CDXXXII.

Les villes comme des tortues : elles ne posent aucune question ; elles ne réclament aucune réponse. Voilà pourquoi les architectes feraient mieux de se taire. Au lieu de ça, ils bavardent. A preuve, ce qui se prépare ici et là. Du côté du fameux éco-quartier Luciline. Ou de la rue Verte, de Saint-Sever, ou ailleurs, où vous voudrez (Châtelet, Emmurées, Hangars 18, 19, B ou D…).

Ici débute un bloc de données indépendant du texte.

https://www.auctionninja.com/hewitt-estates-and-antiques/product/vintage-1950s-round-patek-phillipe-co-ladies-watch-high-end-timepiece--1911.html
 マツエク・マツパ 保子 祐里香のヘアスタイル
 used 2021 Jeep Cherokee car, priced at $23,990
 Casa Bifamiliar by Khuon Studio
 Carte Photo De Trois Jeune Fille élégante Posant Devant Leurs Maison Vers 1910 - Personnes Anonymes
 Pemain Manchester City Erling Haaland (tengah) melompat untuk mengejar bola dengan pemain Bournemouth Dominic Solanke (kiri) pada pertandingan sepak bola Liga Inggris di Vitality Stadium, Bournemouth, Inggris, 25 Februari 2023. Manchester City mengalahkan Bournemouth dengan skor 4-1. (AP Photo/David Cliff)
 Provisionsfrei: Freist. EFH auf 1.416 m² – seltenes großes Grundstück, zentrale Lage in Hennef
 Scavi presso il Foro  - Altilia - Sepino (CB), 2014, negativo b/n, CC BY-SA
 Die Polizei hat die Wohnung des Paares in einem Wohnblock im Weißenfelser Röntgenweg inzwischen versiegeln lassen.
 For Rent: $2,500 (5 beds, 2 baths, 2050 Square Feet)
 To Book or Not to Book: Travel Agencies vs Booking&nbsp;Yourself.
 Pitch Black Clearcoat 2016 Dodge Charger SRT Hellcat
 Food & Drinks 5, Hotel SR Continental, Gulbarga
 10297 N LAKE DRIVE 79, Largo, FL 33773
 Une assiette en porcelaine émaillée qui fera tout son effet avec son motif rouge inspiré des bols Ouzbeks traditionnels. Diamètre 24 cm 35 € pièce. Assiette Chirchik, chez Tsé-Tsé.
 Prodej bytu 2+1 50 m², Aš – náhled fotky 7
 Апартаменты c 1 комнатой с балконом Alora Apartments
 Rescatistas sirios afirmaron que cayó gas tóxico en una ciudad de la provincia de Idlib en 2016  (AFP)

A se demander qui construira dans le genre le plus insipide. Moi, dit l’un ; non moi, dit l’autre. Souvent survient un troisième qui les départage. Ça n’est pas que ce soit laid ou quoi que ce soit d’autre. Non, c’est surtout rien. Sans goût, sans saveur, sans odeur. Une architecture de Caprice des dieux (publicité gratuite). Le rassurant, le provisoire, les intentions, voilà ce qui préside aux premiers coups de crayon. Comme les hommes politiques, l’architecte contemporain pense à d’abord se vendre lui-même.

Comme nous sommes à Rouen, l’architecte n’aime guère faire parler de lui. C’est un simple. Ici, pas d’esbroufe. Du solide, durable, du pas cher. Allez, signez, vous n’aurez pas à le regretter. Le pire, c’est qu’il a souvent raison. Qu’on me cite un immeuble d’ici, construit depuis vingt ans, et dont on puisse se lamenter. Deux, trois ? Mettons quatre, la vendeuse fera un paquet. Et un dont on puisse se féliciter ? Bougez-pas, je vais voir s’il m’en reste.

Voilà pourquoi on parle de programme immobilier. Demandez le programme ! Parce qu’il faut le demander. Le dépliant est en couleurs, et encore plus en promesse. Quand ce sera fini, ce sera bien. Une fois fini, on est déçu. Finalement, c’est pas si bien… Non. Les arguments ne manquent pas pour vous dire comment et pourquoi. Les arbres sont trop petits ? Le ciel n’est pas aussi bleu ? Le couple en vert n’est pas là ? Et le cycliste, où est-il ? Vous plaignez pas, vous avez les clés.

Particularité de notre étroit territoire, il faut y chercher des constructions remarquables aux marges. Par exemple en banlieue, pour certains bâtiments communaux. Ainsi de Déville lès Rouen, dont la Médiathèque signée en 2000 par Marie-Hélène Badia et Didier Berger, est déjà une chose rare. La même municipalité vient de recevoir je ne sais quel prix pour je ne sais quelle salle réalisée par l’agence Groupe 3 Architectes. Dans les deux cas, rien de prestigieux, mais un souci, celui de la modestie et du réalisme.

Plus, ici ou là, quelques maisons d’amateurs sans le sou (enfin presque). Saint-André, Mont-Gargan, Saint-Paul, et ailleurs. Toutes maisons de bobos dit-on. Au passage, avez-vous remarqué comme le fait de désigner les bobos se porte bien ? Énième avatar du populisme ambiant ? Vrai que celui-là n’épargne pas grand monde ces derniers temps.

Où en étais-je ? Ah oui, à la politique, à l’architecture, au goût social moyen. C’est bien moi, choisir des sujets de chronique qui me dépassent. Le monde est pourtant simple. Il suffit de s’y maintenir, le reste suit. Raison pour laquelle les tortues n’ont pas de prédateurs. Enfin, presque.